The main problem with this line of thought is that it completely ignores the very purpose of copyright, which is to promote artistic or intellectual creation. It treats copyright as a moral right, when historically, IP has been all about balancing the interests of creators vs the public.
In the case of AI, a computer has no impulse for creation, at least just yet. It merely spits out a result when told to do so.
When an AI starts understanding the value of money, when it starts having creative impulses that are independent of a human-master’s trigger, when it responds to financial incentives and gets to manage its own finances, then, and only then, can we maybe start thinking of granting them IP rights.
If the AI is the property of a corporation (a distinct legal person), it’s the corporation that owns copyright in any work the AI creates. I picture a future where the robot is the body that does all the doing, each robot being property of a corporation through which the robot has all the societyal standing of personhood. In that world, a robot without a corporate personhood could be considered the way one would consider a human without a soul.
Hi Tim,
You’re hot on the trail for where my next post is heading. I’ve read a few interesting articles recently about copyright and AI: Digital Originality; Copyright for Literate Robots. Coding Creativity – Copyright and the AI author.
One author (Annemarie Bridy) thinks that due to a spat of 1980s arcade game display litigation, “in all likelihood, courts would rely on the video game cases to hold that ownership of the copyright in generative code translates directly into ownership of the copyright in the works produced by it.” This is an “analytically loose” albeit “intuitively satisfying” solution to the authorship issue: the programmer owns the work of its creation because it is just a tool.
There are counter opinions too. You could ask: is automation antithetical to authorship? Where is the incentive to an automaton?
I was amazed to learn — and really appreciate too — how we are coming back on an issue that 50 years ago was considered real, imminent, and major. I mean computer authorship specifically. Can you believe that in 1965 the US Copyright Office considered that to be one of the top 3 major problems?
It almost completely fell by the wayside until now.

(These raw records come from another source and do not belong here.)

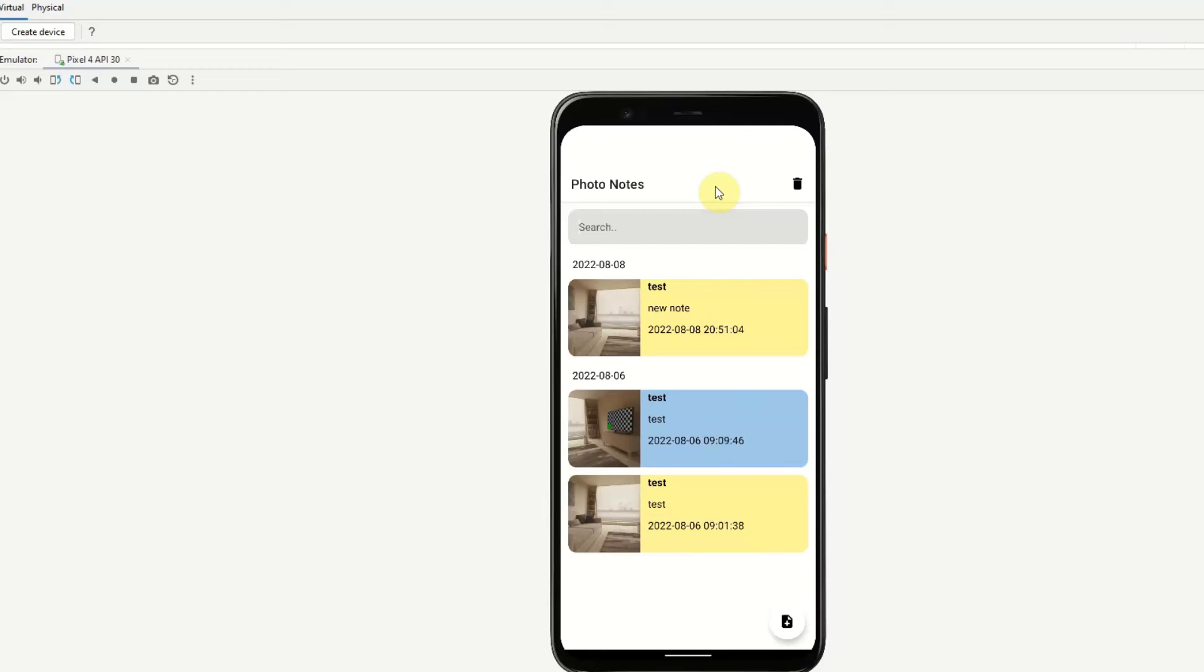Hello YouTube, my name is Daniel and welcome back to another Android series. In this series we will be developing a photo notes app using Jetpack Compose and Room Database.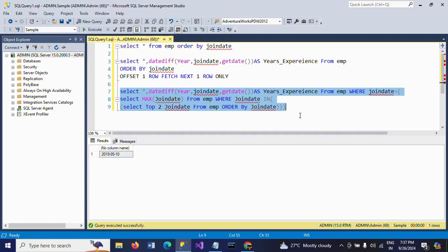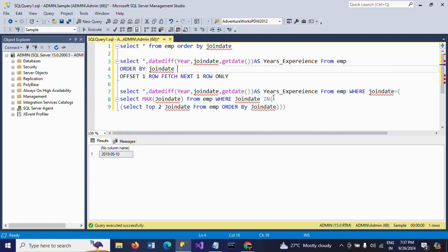So this is how you can get the details of the second highest experienced employee from the table — by using OFFSET and FETCH, or by using a subquery. Thanks for watching the video, thank you very much.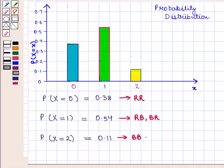Thus, in this session we have defined a random variable for a quantity of interest by assigning a numerical value to each event in a sample space. Then, we have drawn the graph for the corresponding probability distribution using the same graphical display as for data distribution. This completes our session. Hope you enjoyed this session.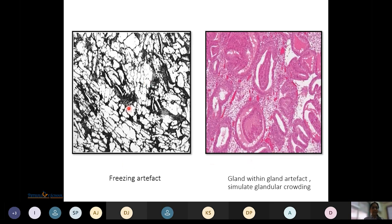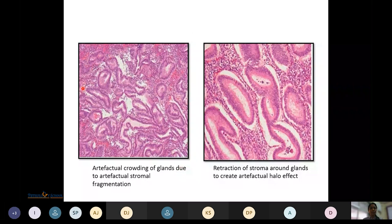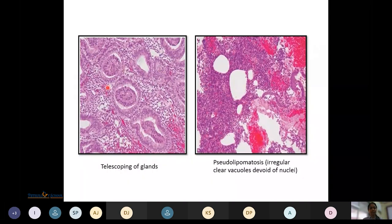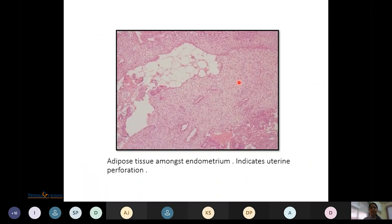Microscopic views demonstrate various artifacts: a freezing artifact, a gland-within-gland artifact simulating glandular crowding, artifactual crowding of glands due to stromal fragmentation, retraction of stroma around glands giving a halo effect, telescoping of glands, and pseudolipomatosis showing clear vacuoles devoid of nuclei. Adipose tissue among endometrium indicates uterine perforation, with lipoleiomyoma as another differential.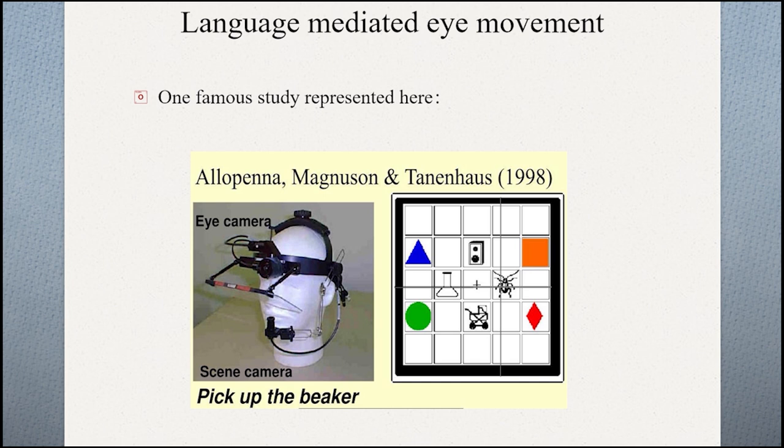A very famous study has shown this interaction using the visual world paradigm, where participants heard a sentence and simultaneously looked at a display with four different objects. The sentence was 'Pick up the beaker.' When the target word 'beaker' started, the participant was looking at both 'beaker' and 'beetle.' As comprehension progressed toward the end of the word, they were looking at both 'speaker' and 'beaker,' finally settling on 'beaker.' This shows exactly how visual attention is guided by language structure.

To say “If the AI is the property of a corporation (a distinct legal person), it’s the corporation that owns copyright in any work the AI creates” gives me doubt. If you can support a work for hire theory, fine. But will AI be recognized as being able to produce “original” works at all? Copyright must also vest in a first owner, and the author must be a person, so how do you wedge the AI into that scheme? It doesn’t actually look to me like it satisfies the conditions for subsistence of copyright.

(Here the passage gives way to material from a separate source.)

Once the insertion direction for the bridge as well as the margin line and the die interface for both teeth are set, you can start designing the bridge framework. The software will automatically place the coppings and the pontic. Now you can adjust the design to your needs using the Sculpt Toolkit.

Nate, Copyright Act s. 5(1)(b)(i) clearly contemplates a first owner that is a corporation, so I don’t think it’s much of a stretch.
Can I claim CPD for this?
Yes, but that section does not apply here. Authorship in Canada is mostly reserved for humans. A corporation cannot be an “author” unless it’s a photograph, I don’t think. Section 5(1)(b)(i) refers to a cinematographic works and also refers to the “maker”, which is different from an “author”.